I've been working for a long time now on how to prove a proposition given in a paper about the asymptotic normality of POT-quantile estimators. Hope somebody can help me out.
Proposition
(i) Let $X_1,\ldots,X_n$ be iid RV and $X_{1:n}\le\ldots \le X_{n:n}$ the corresponding order statistics.
(ii) Let $k=k_n$ and $p=p_n$ be sequences in $\mathbb{R}_{\ge 0}$ with $k=k_n \xrightarrow[n \to \infty]{} \infty$, $\frac{k}{n}=\frac{k_n}{n}\xrightarrow[n \to \infty]{} 0$ and $\frac{k}{np}=\frac{k_n}{np_n} \xrightarrow[n \to \infty]{} \infty$ so that $\frac{\log\left( \frac{k}{np} \right) }{\sqrt{k}} \xrightarrow[n \to \infty]{} 0.$
(iii) Let $\widehat{\gamma_k}=\widehat{\gamma_{k_n}}(X_{n-k+1:n},\ldots,X_{n:n})$ be an estimator for some $\gamma \in \mathbb{R}$. ($\widehat{\gamma_k}$ is an estimator depending on the $k$ upper order statistics.) Assume that $G_k:=\sqrt{k}(\widehat{\gamma_k}-\gamma)\xrightarrow[n \to \infty]{d} G \sim N(\mu,\sigma^2)$.
Then $$ (\ast) \quad \frac{\int_1^{\frac{k}{np}}s^{\widehat{\gamma_k}-1} \log s\, ds}{\int_1^{\frac{k}{np}}s^{\gamma-1} \log s\, ds} \xrightarrow[n \to \infty]{P} 1. $$
$\underline{\text{Hint given in the paper}}$: "The proof is direct.

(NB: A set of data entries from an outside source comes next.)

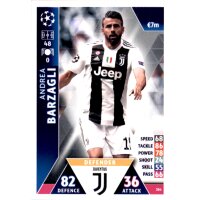 CL1819 - Karte 384 - Andrea Barzagli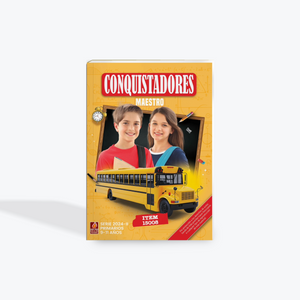 15008 Conquistadores Maestro II-2024 (Incluye Ayuda Visual)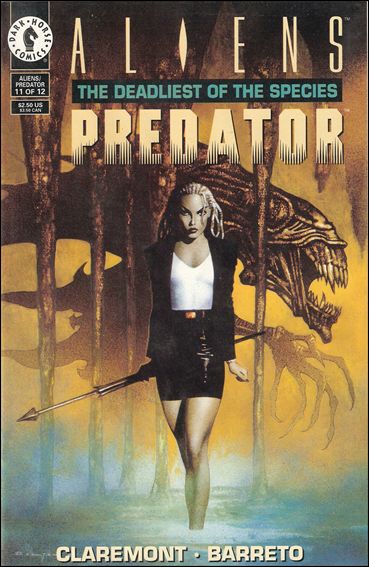 Aliens/Predator: The Deadliest of the Species issue 11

It follows from Taylor expansions and the fact that $\widehat{\gamma_k}=\gamma+ \frac{G_k}{\sqrt{k}}$."
My ideas so far:
Define $f(s)=s^{\frac{G_k}{\sqrt{k}}}$
Taylor expansion in $1$:
$f(s)=1+f'(\xi_s)(s-1)=1+\frac{G_k}{\sqrt{k}} \xi_s^{\frac{G_k}{\sqrt{k}}-1}(s-1)$ for some $\xi_s \in (1,s).$ Then $$(\ast) = \frac{\int_1^{\frac{k}{np}}s^{\gamma-1} s^{\frac{G_k}{\sqrt{k}}} \log s\, ds}{\int_1^{\frac{k}{np}}s^{\gamma-1} \log s\, ds} = \frac{\int_1^{\frac{k}{np}}s^{\gamma-1} (1+\frac{G_k}{\sqrt{k}} \xi_s^{\frac{G_k}{\sqrt{k}}-1}(s-1)) \log s\, ds}{\int_1^{\frac{k}{np}}s^{\gamma-1} \log s\, ds}$$
$$=1+ \frac{\int_1^{\frac{k}{np}} s^{\gamma-1} \frac{G_k}{\sqrt{k}} \xi_s^{\frac{G_k}{\sqrt{k}}-1}(s-1) \log s\, ds}{\int_1^{\frac{k}{np}}s^{\gamma-1} \log s\, ds}=:1+(\ast \ast)$$ Need to show: $(\ast \ast) \xrightarrow[n \to \infty]{P} 0.$ It is $$(\ast \ast)\le G_k \frac{log\left( \frac{k}{np} \right) }{\sqrt{k}} \frac{\int_1^{\frac{k}{np}}s^{\gamma-1} \xi_s^{\frac{G_k}{\sqrt{k}}-1}(s-1) \, ds}{\int_1^{\frac{k}{np}}s^{\gamma-1} \log s\, ds}$$ and from the Slutsky theorem I know that $G_k \frac{\log\left( \frac{k}{np} \right) }{\sqrt{k}}\xrightarrow[n \to \infty ]{d}0. $ I haven't been able to work out what happens to the rest term, though.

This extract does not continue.